A one-man commission probing the 2002 train carnage at Godhra town in Gujarat, today said it was an accident, and not a conspiracy as earlier stated.
Justice U.C.Banerjee presented his report to the railways ministry, two months after he inspected the train coach again in which 59 Hindu pilgrims were burnt alive.
The pilgrims were burnt alive at the Godhra rail station on February 27, 2002, blamed on a suspected Muslim mob. Thousands were later charred to death, mainly Muslims, in reprisal attacks which followed the Sabarmati Express carnage.
The report says the fire originated from inside the compartment and no external substance was used to set fire to the train.
"In the event the cause of fire being an inflammable liquid it would in fact catch fire upon ignition immediately. There would thus be a change of total sequential aspect to it first the flame, then the smell and lastly the smoke. The factum of user of an inflammable liquid in the coach in my view stands completely ruled out. But since there fire was there it cannot but be concluded that the fire originated in the coach itself without any external input," Banerjee told a news conference here.

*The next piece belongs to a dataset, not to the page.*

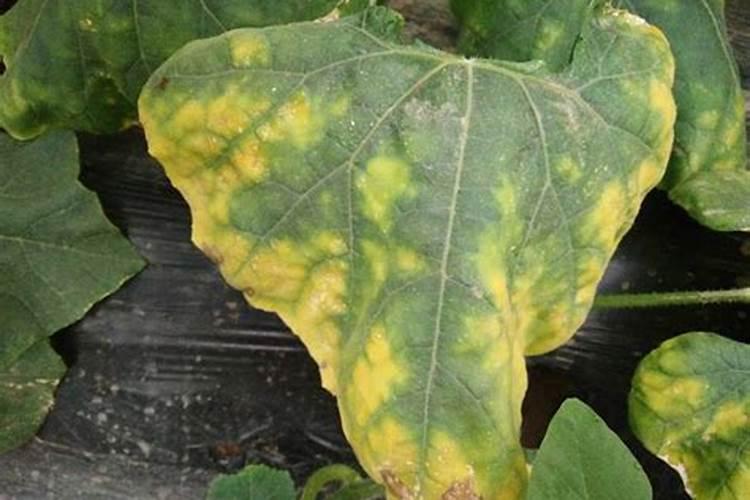 冬瓜药害,叶片变成老化,有什么办法使其迅速变绿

Meanwhile, main opposition Bharatiya Janata Party (BJP) said the report had no legal binding.
"Commission of enquiry and trial judge has sufficient evidence. They have a legal statutory basis to what they are doing. In a hurried exercise a railway gives the report this is not in any way a substitute to the criminal trial," BJP spokesperson Arun Jaitley said.
Jaitley also said the report's timings were coinciding with the forthcoming assembly polls in Bihar, the Railways Minister Lalu Prasad Yadav.
"We had said it earlier also that the committee which has been formed was to distract people from the Bihar elections. And the timing of the report proves it true that the committee which was ormed by Lalu Prasad Yadav was keeping in mind the Bihar elections. And further comments will be made after we have read the report," he said.
Warning of strict action against those exploiting religion to influence the electorate, Chief Election Commissioner T.S. Krishnamurthy today said it would be "unfortunate" if parties rake the Justice U C Banerjee report on Godhra incident during the elections.